◆ The task
Please, without the pictures, retype exactly the lines from the start of the material through the line that holds "Mantel individual de".

____________________

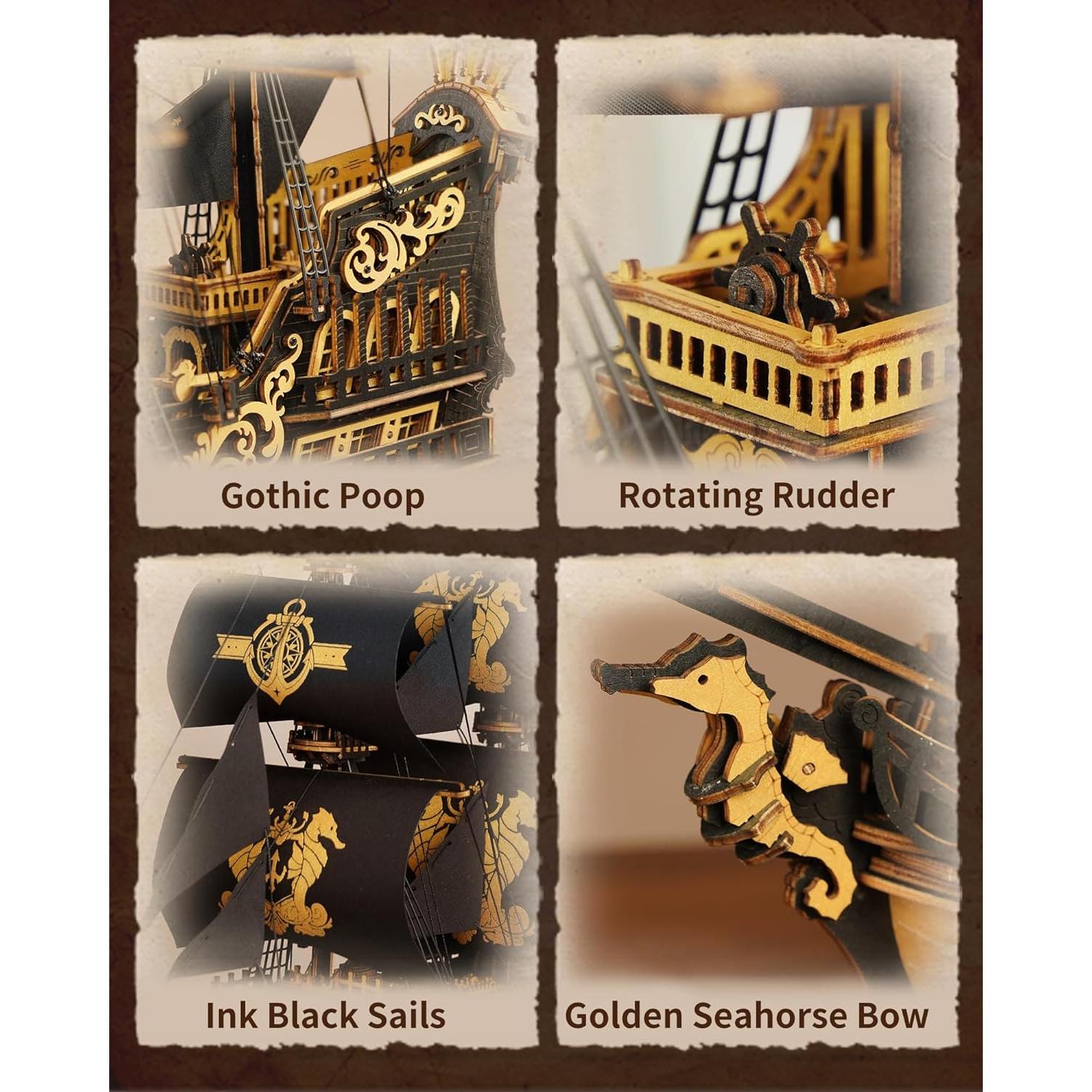 ROKR Rompecabezas 3D de Madera EGC01 y Barco Caballito de Mar MCB02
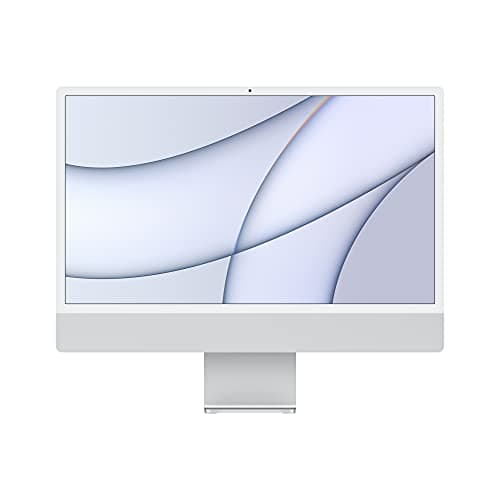 Image of Apple iMac (24-inch, Apple M1 Chip with 8-Core CPU and 7-Core GPU, 8GB RAM, 256GB SSD) - Silver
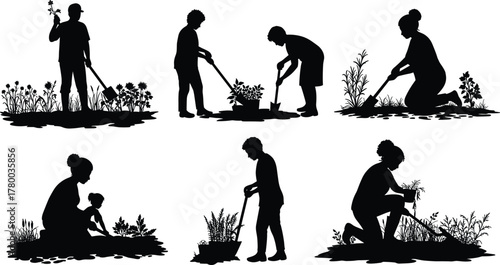 Silhouette people gardening outdoors, digging soil, planting flowers, watering plants, teaching child nature care, environmental garden work, agriculture lifestyle activity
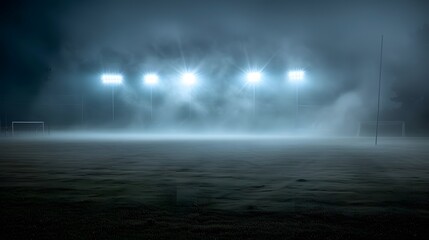 Foggy Night Football Field Illuminated By Lights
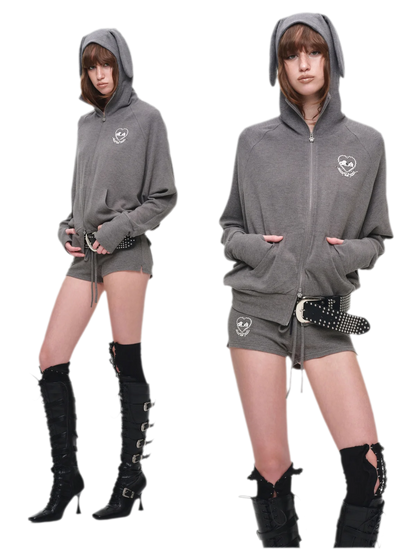 Brushed Knit Batwing Hoodie Set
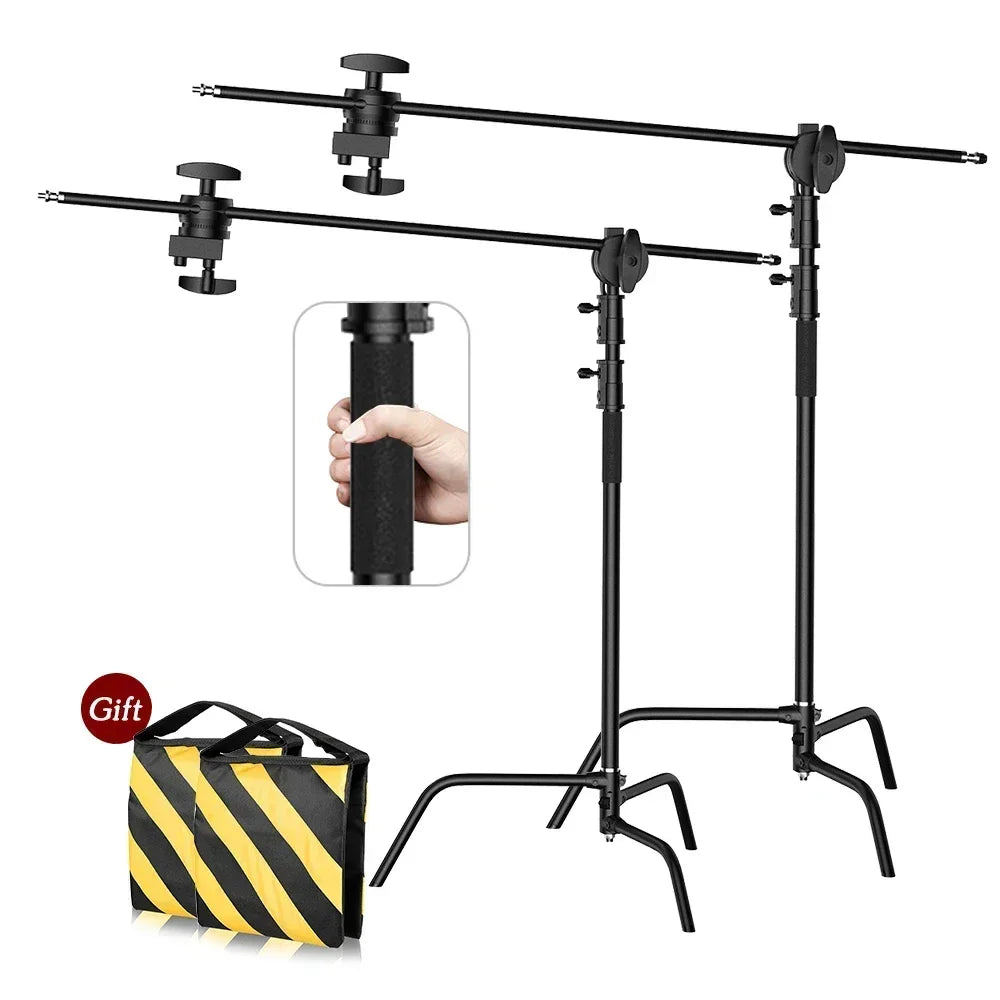 Kit de soporte C de acero inoxidable, soporte de luz con bolsa de peso, accesorios de estudio fotográfico, varilla de extensión, brazo cruzado de 2,49 M de longitud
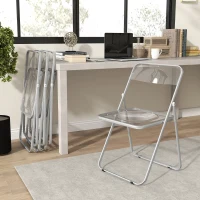 HOMCOM Lot de 4 chaises pliantes en acrylique et acier, chaises pliantes portables pour maison, salle à manger, transparentes(m-9)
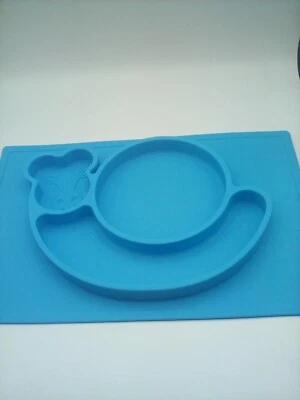 Mantel individual de silicona para niños pequeños con forma de caracol para bebés trona/mesa azul infantil Foto 1 de 4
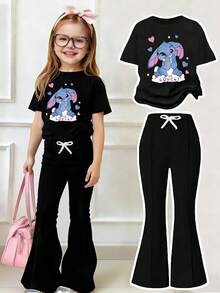 Young Girl Cartoon Print Short Sleeve T-Shirt And Skinny Flared Pants - Black - View 1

____________________

◆ Task response
 ROKR Rompecabezas 3D de Madera EGC01 y Barco Caballito de Mar MCB02
 Image of Apple iMac (24-inch, Apple M1 Chip with 8-Core CPU and 7-Core GPU, 8GB RAM, 256GB SSD) - Silver
 Silhouette people gardening outdoors, digging soil, planting flowers, watering plants, teaching child nature care, environmental garden work, agriculture lifestyle activity
 Foggy Night Football Field Illuminated By Lights
 Brushed Knit Batwing Hoodie Set
 Kit de soporte C de acero inoxidable, soporte de luz con bolsa de peso, accesorios de estudio fotográfico, varilla de extensión, brazo cruzado de 2,49 M de longitud
 HOMCOM Lot de 4 chaises pliantes en acrylique et acier, chaises pliantes portables pour maison, salle à manger, transparentes(m-9)
 Mantel individual de silicona para niños pequeños con forma de caracol para bebés trona/mesa azul infantil Foto 1 de 4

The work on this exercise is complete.